Notícias de Casa (1977)

Solidão cotidiana na Nova York setentista

Wallace Andrioli - 15 de novembro de 2019

Apesar de inicialmente se tratar de um filme “difícil”, dado seu reduzido material narrativo, “Notícias de Casa”, de Chantal Akerman, consegue comunicar. Num primeiro nível, funcionando como uma espécie de exposição fotográfica, formada por registros de paisagens um tanto desoladoras da Nova York dos anos 1970. Cenas cotidianas de uma cidade totalmente desglamourizada, que evocam uma decadência típica das grandes metrópoles.

Há uma segunda camada comunicacional, com o olhar cinéfilo em parte formado pelos filmes da Nova Hollywood. Neles, a Nova York suja e violenta desse período é personagem corriqueiro. É a cidade de “Caminhos Perigosos” (1973), “Taxi Driver” (1976), “Serpico” (1973), “Um Dia de Cão” (1975) e tantos outros, reconstruída recentemente em “Coringa” (2019). O imaginário povoado por esse cinema, aliás, alimenta no espectador certo receio de que algo de ruim aconteça com Chantal Akerman e sua equipe em algum momento de “Notícias de Casa”, enquanto trafegam por ruas e vagões de metrô com uma câmera na mão. Mas a vida em grandes cidades costuma ser muito mais multifacetada que a imagem pública associada a elas. Os males que acometem Akerman são outros: a solidão e o tédio, impressos nas imagens do filme, e principalmente a relação de simultâneas saudade e rejeição da família, que se encontra distante, na Bélgica.
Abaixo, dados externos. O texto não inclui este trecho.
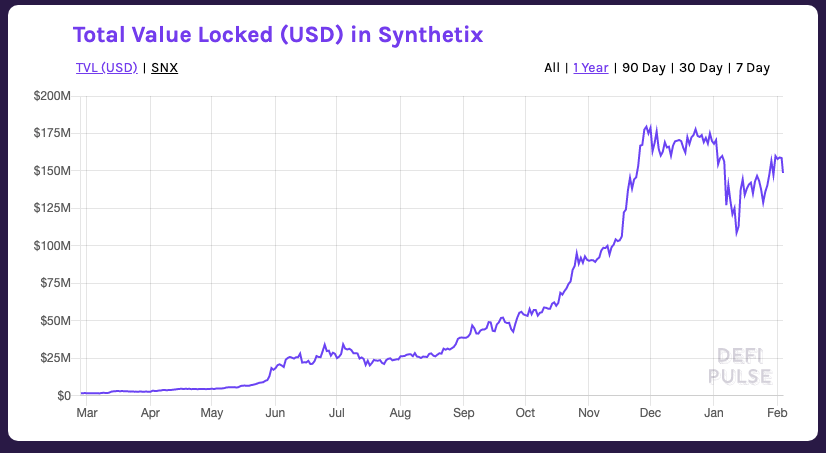 Total Value Locked (USD) in Synthetix Chart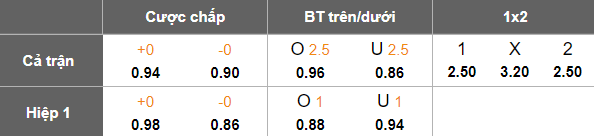 Nhận định, soi kèo U23 Portimonense vs U23 Farense, 17h00 ngày 8/4: Khách đáng tin - Ảnh 5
Esses são, aliás, componentes habituais do cinema da diretora. Mas, ao contrário de alguns de seus principais filmes ficcionais dos anos 1970, como “Je, Tu, Il, Elle” (1974), “Jeanne Dielman, 23, Quai du Commerce, 1080 Bruxelles” (1975) e “Os Amores de Anna” (1978), que ainda têm um fio narrativo a seguir, “Notícias de Casa” se desobriga consideravelmente nesse sentido. O documentário como espaço de experimentação amplifica o olhar íntimo de Akerman, dedicado à banalidade das ações cotidianas, àqueles momentos em que, como diz o título do livro de Ivone Margulies sobre a diretora, “nada acontece”.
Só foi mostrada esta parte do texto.